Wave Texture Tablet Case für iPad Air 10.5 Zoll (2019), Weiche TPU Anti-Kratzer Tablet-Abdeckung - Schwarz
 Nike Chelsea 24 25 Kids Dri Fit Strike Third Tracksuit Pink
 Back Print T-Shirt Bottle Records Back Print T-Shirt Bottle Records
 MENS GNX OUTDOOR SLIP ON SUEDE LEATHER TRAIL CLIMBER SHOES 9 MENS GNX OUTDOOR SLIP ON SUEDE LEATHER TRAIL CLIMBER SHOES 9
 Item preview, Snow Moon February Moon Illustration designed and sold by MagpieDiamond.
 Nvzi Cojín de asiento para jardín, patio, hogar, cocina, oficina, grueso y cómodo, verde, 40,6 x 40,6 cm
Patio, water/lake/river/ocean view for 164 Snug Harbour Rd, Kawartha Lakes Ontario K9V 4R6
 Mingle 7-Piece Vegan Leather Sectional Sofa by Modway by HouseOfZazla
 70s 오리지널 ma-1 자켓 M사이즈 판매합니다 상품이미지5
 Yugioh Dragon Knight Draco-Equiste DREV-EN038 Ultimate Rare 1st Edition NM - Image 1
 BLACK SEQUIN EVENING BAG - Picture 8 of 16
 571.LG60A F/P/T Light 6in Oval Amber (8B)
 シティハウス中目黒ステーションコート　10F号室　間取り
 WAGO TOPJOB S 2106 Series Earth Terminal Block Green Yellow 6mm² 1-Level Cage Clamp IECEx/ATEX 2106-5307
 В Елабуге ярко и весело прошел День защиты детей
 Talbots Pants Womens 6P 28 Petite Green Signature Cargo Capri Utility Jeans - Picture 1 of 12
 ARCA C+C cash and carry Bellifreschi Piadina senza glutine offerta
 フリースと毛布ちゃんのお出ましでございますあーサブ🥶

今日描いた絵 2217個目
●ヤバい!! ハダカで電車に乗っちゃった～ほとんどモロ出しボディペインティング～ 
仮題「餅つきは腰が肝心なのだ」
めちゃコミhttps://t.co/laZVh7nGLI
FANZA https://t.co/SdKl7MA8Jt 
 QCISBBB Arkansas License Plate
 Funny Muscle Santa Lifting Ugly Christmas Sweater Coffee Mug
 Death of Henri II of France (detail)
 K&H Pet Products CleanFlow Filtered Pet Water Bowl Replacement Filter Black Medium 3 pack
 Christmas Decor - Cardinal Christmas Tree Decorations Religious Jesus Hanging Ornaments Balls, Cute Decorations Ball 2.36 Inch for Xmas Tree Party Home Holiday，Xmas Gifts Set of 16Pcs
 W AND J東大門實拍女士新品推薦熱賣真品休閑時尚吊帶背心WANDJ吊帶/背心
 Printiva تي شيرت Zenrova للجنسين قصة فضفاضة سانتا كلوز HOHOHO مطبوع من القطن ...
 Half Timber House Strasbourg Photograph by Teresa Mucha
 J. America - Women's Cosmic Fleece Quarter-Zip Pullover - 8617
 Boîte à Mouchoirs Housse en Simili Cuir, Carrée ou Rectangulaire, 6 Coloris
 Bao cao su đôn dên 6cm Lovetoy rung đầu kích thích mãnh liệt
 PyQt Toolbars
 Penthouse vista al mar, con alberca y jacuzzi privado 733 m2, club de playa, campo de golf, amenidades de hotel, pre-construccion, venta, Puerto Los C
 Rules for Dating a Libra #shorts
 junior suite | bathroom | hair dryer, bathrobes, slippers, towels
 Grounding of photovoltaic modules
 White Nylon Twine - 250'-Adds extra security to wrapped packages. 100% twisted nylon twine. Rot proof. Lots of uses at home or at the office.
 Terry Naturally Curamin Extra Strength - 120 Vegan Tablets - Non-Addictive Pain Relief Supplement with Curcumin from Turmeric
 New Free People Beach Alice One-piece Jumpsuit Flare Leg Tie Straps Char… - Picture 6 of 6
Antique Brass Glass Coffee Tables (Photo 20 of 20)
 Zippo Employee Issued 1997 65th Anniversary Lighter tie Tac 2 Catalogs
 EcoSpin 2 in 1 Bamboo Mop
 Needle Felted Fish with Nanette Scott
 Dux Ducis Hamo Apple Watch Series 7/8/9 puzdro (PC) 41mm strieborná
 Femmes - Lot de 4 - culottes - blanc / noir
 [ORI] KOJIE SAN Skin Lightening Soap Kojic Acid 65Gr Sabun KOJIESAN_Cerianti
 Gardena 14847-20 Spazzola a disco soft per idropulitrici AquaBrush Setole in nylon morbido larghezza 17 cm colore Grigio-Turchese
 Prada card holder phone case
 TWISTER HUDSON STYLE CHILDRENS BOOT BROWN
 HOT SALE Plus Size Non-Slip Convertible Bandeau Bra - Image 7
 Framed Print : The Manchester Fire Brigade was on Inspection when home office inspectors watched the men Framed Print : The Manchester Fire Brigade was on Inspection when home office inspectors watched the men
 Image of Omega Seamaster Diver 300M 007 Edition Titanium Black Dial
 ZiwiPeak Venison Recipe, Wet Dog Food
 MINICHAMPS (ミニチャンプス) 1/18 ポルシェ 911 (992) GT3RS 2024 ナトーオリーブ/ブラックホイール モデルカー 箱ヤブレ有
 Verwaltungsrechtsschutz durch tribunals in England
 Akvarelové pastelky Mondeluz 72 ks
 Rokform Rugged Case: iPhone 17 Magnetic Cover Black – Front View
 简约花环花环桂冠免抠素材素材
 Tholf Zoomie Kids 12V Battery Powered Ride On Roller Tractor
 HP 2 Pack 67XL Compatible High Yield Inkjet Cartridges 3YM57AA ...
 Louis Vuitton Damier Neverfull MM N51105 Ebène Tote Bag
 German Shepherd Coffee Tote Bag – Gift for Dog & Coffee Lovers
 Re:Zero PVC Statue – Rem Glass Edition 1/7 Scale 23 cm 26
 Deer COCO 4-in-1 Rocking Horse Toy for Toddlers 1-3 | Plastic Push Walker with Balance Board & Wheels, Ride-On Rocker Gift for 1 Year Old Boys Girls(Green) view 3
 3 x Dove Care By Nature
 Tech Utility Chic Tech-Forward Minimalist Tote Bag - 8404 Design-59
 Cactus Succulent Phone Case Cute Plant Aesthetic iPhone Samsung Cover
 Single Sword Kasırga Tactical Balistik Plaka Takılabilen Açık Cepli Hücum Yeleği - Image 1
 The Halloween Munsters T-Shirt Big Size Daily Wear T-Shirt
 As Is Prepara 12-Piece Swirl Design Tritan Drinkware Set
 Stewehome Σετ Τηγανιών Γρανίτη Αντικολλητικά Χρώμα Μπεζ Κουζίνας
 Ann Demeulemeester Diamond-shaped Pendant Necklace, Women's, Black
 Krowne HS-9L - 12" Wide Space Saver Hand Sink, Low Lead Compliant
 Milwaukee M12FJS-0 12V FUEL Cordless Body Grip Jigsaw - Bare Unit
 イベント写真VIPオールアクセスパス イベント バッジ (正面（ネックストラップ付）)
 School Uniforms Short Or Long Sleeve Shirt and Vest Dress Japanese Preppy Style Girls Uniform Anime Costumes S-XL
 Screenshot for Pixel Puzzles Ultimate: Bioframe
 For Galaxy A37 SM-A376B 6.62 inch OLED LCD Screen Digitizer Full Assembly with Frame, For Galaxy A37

━━━━

What the exercise asks - Lines from the top of the entries through the line with "WAGO TOPJOB S" are to be transcribed exactly, and nothing more.

Exercise response -
Wave Texture Tablet Case für iPad Air 10.5 Zoll (2019), Weiche TPU Anti-Kratzer Tablet-Abdeckung - Schwarz
 Nike Chelsea 24 25 Kids Dri Fit Strike Third Tracksuit Pink
 Back Print T-Shirt Bottle Records Back Print T-Shirt Bottle Records
 MENS GNX OUTDOOR SLIP ON SUEDE LEATHER TRAIL CLIMBER SHOES 9 MENS GNX OUTDOOR SLIP ON SUEDE LEATHER TRAIL CLIMBER SHOES 9
 Item preview, Snow Moon February Moon Illustration designed and sold by MagpieDiamond.
 Nvzi Cojín de asiento para jardín, patio, hogar, cocina, oficina, grueso y cómodo, verde, 40,6 x 40,6 cm
Patio, water/lake/river/ocean view for 164 Snug Harbour Rd, Kawartha Lakes Ontario K9V 4R6
 Mingle 7-Piece Vegan Leather Sectional Sofa by Modway by HouseOfZazla
 70s 오리지널 ma-1 자켓 M사이즈 판매합니다 상품이미지5
 Yugioh Dragon Knight Draco-Equiste DREV-EN038 Ultimate Rare 1st Edition NM - Image 1
 BLACK SEQUIN EVENING BAG - Picture 8 of 16
 571.LG60A F/P/T Light 6in Oval Amber (8B)
 シティハウス中目黒ステーションコート　10F号室　間取り
 WAGO TOPJOB S 2106 Series Earth Terminal Block Green Yellow 6mm² 1-Level Cage Clamp IECEx/ATEX 2106-5307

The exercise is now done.